If you are sending a teenager abroad for the first time, the academics are not what keeps you up at night. The logistics are. Who is actually responsible for my child at 2am? What happens if they get sick? Is the person teaching them who they say they are? These are the right questions, and any programme worth its fee should welcome them. Here is the guide I would want if the child were mine.

The five questions to ask any provider

  • **How large are the teaching and pastoral groups?** A good answer is specific and age-appropriate. Vagueness here is a red flag.
  • **Are all staff background-checked?** In the UK that means DBS checks. Ask, and ask whether it covers everyone the student will encounter, not just teaching staff.
  • **Is there genuine 24/7 supervision in the residence?** Not a phone number that rings out — staff physically on site overnight.
  • **How are medical and dietary needs handled?** There should be a clear process from the moment a student arrives, and full catering for allergies and religious requirements.
  • **Who do students and parents contact in an emergency, and how fast do they respond?** You want a name and a number, not a generic inbox.

How we answer them

I will answer our own quiz, because you should hold us to it.

Every member of staff is DBS-checked before they meet a student. Group sizes are deliberately smaller for our youngest students, scaling sensibly from our 12–14 Juniors to our 15–18 Seniors. Accommodation is single en-suite within the host university residence — privacy and safety together, not traded off.

Medical details are collected at enrolment and reviewed before arrival, so nothing is a surprise. A duty phone is staffed at all hours, and parents are given the number. Meals cover halal, kosher, vegetarian, vegan and any allergy you tell us about; students never have to negotiate their own dietary needs at a buffet.

The things that do not show up in a brochure

Good safeguarding is mostly invisible. It is the welfare lead who notices a student has gone quiet at dinner and quietly checks in. It is the staff member who walks the corridor at midnight. It is the homesickness handled with patience rather than a phone call home at the first wobble.

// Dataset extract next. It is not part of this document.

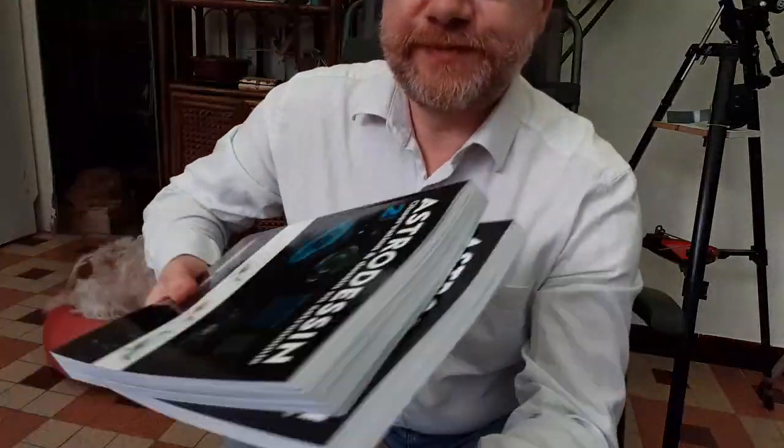Bon, j'ai de la lecture. Je vais ranger mon cutter parce que j'ai mon petit-fils qui arrive.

You cannot photograph any of this, which is exactly why you should ask about it.

A fair word on independence

Safeguarding is not the same as wrapping a teenager in cotton wool. The aim is a safe perimeter inside which a young person can stretch — make a new friend, give a nervous presentation, find out they can manage more than they thought. The structure exists so the growth can happen. If a provider cannot explain both halves of that sentence, keep looking.